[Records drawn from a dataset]

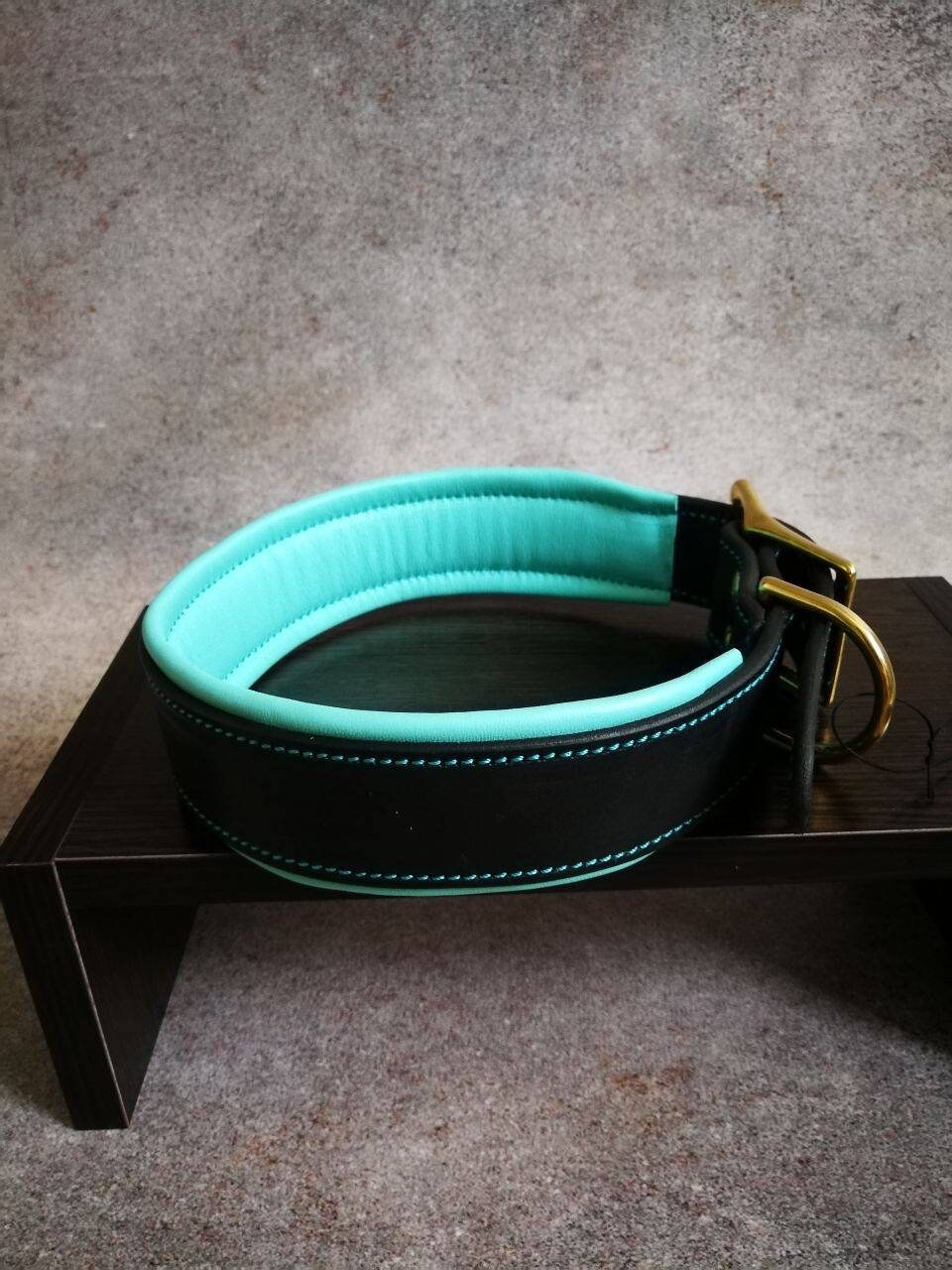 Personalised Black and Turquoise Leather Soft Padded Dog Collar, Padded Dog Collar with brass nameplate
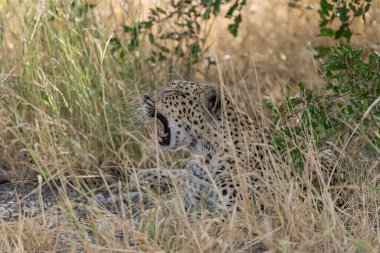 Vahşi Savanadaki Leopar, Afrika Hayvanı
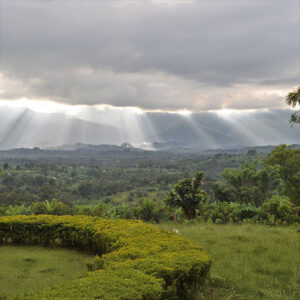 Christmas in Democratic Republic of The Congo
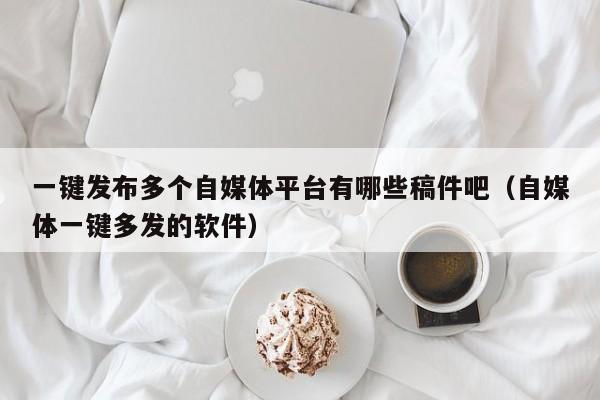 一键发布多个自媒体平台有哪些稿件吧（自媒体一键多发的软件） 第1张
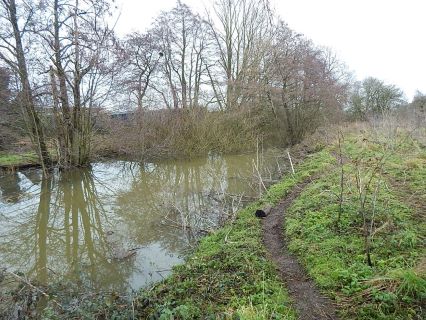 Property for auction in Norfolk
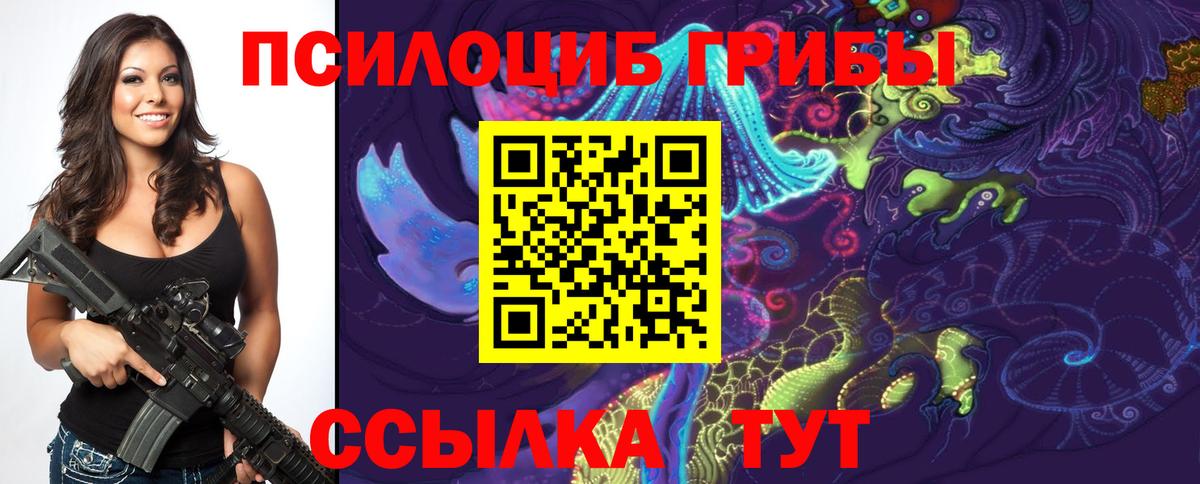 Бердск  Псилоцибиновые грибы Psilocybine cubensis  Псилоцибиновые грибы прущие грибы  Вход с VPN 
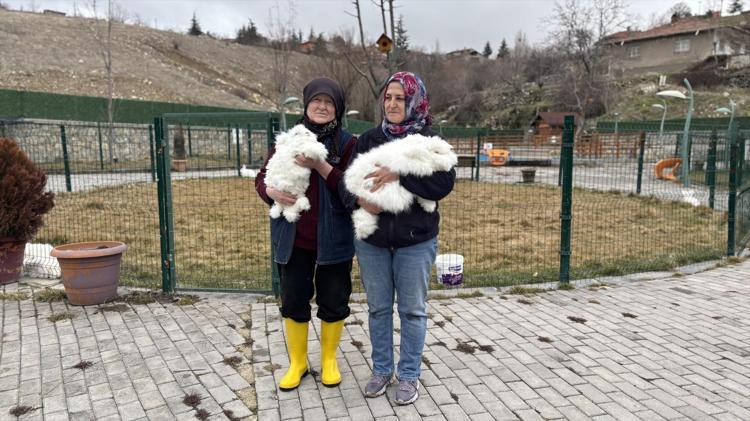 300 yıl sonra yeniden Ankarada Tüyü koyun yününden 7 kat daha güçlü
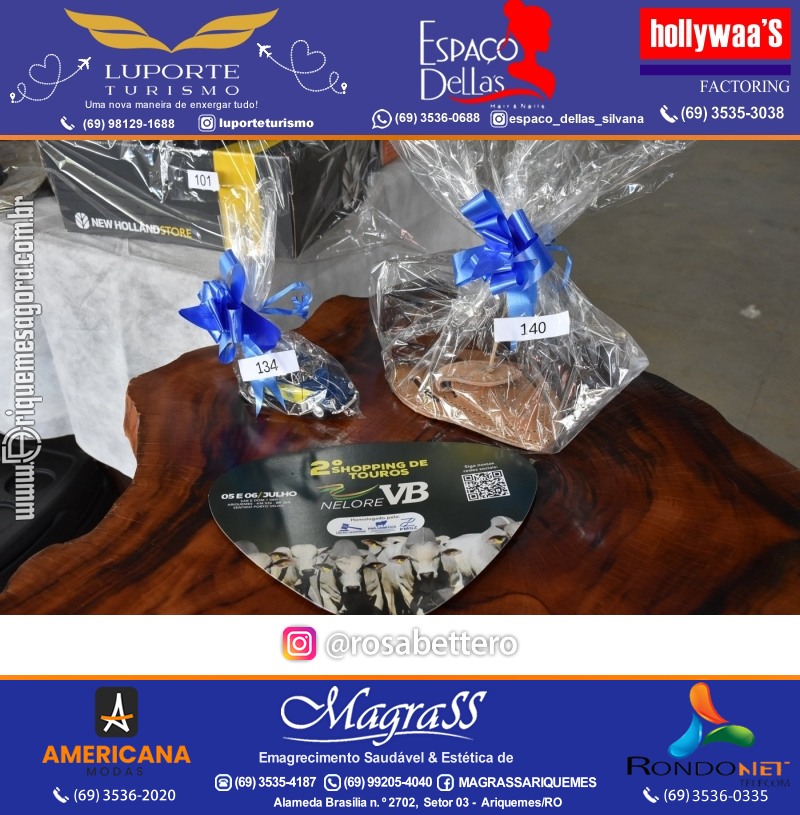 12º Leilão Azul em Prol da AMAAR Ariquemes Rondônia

• **Task details**: Retype the lines exactly. Begin at the one that holds "Vahşi Savanadaki Leopar, Afrika Hayvanı", stop at the last line of the entries above, and drop the pictures.

• **The completed task**:
 Vahşi Savanadaki Leopar, Afrika Hayvanı
 Christmas in Democratic Republic of The Congo
 一键发布多个自媒体平台有哪些稿件吧（自媒体一键多发的软件） 第1张
 Property for auction in Norfolk
 Бердск  Псилоцибиновые грибы Psilocybine cubensis  Псилоцибиновые грибы прущие грибы  Вход с VPN 
 300 yıl sonra yeniden Ankarada Tüyü koyun yününden 7 kat daha güçlü
 12º Leilão Azul em Prol da AMAAR Ariquemes Rondônia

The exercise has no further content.